Consider the function \(f: \mathbb{R} \times \mathbb{N} \rightarrow \mathbb{N} \times \mathbb{R}\) defined as \(f(x, y)=(y, 3 x y) .\) Check that this is bijective; find its inverse.

Short answer

The function \(f(x, y)=(y, 3 x y)\) is bijective and its inverse is given by \(f^{-1}(a, b) = (\frac{b}{3a}, a)\).

Step-by-step solution

Prove injectiveness

Let's take two pairs \((x_1, y_1)\) and \((x_2, y_2)\) from \(\mathbb{R} \times \mathbb{N}\). Assume that \(f(x_1, y_1) = f(x_2, y_2)\), thus \((y_1, 3x_1y_1) = (y_2, 3x_2y_2)\). For these two pairs to be equal, both the first and second elements from each pair must be equal.
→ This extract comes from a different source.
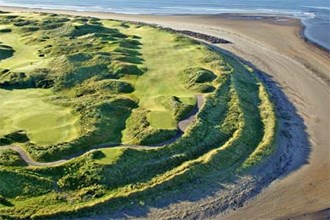 Waterville Golf Links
This gives us two equations: \(y_1 = y_2\) and \(3x_1y_1 = 3x_2y_2\). Since \(y_1 = y_2\), it means \(3x_1y_1 = 3x_1y_2\), and simplifying further, it can be concluded that \(x_1 = x_2\). Therefore the function is injective.

Prove surjectiveness

A function is surjective if for every pair \((a, b)\) in the codomain, that is, in \(\mathbb{N} \times \mathbb{R}\), there exists a pair \((x, y)\) in the domain, such that \(f(x, y) = (a, b)\). We can see that by choosing \(x = \frac{b}{3a}\) and \(y = a\), where \((a, b) \in \mathbb{N} \times \mathbb{R}\), it results in \(f(x, y) = (a, 3 * (\frac{b}{3a}) * a) = (a, b)\). Hence, the function is surjective.

Find the inverse function

The inverse of a function reverses the direction of the mapping. The inverse of \(f: \mathbb{R} \times \mathbb{N} \rightarrow \mathbb{N} \times \mathbb{R}\), denoted as \(f^{-1}\), will map from \(\mathbb{N} \times \mathbb{R}\) to \(\mathbb{R} \times \mathbb{N}\). From the previous steps, we know that if \(f(x, y) = (a, b)\), you can solve for \(x\) and \(y\) in terms of \(a\) and \(b\) as \(x = \frac{b}{3a}\) and \(y = a\). Therefore, the inverse function \(f^{-1}(a, b) = (\frac{b}{3a}, a)\).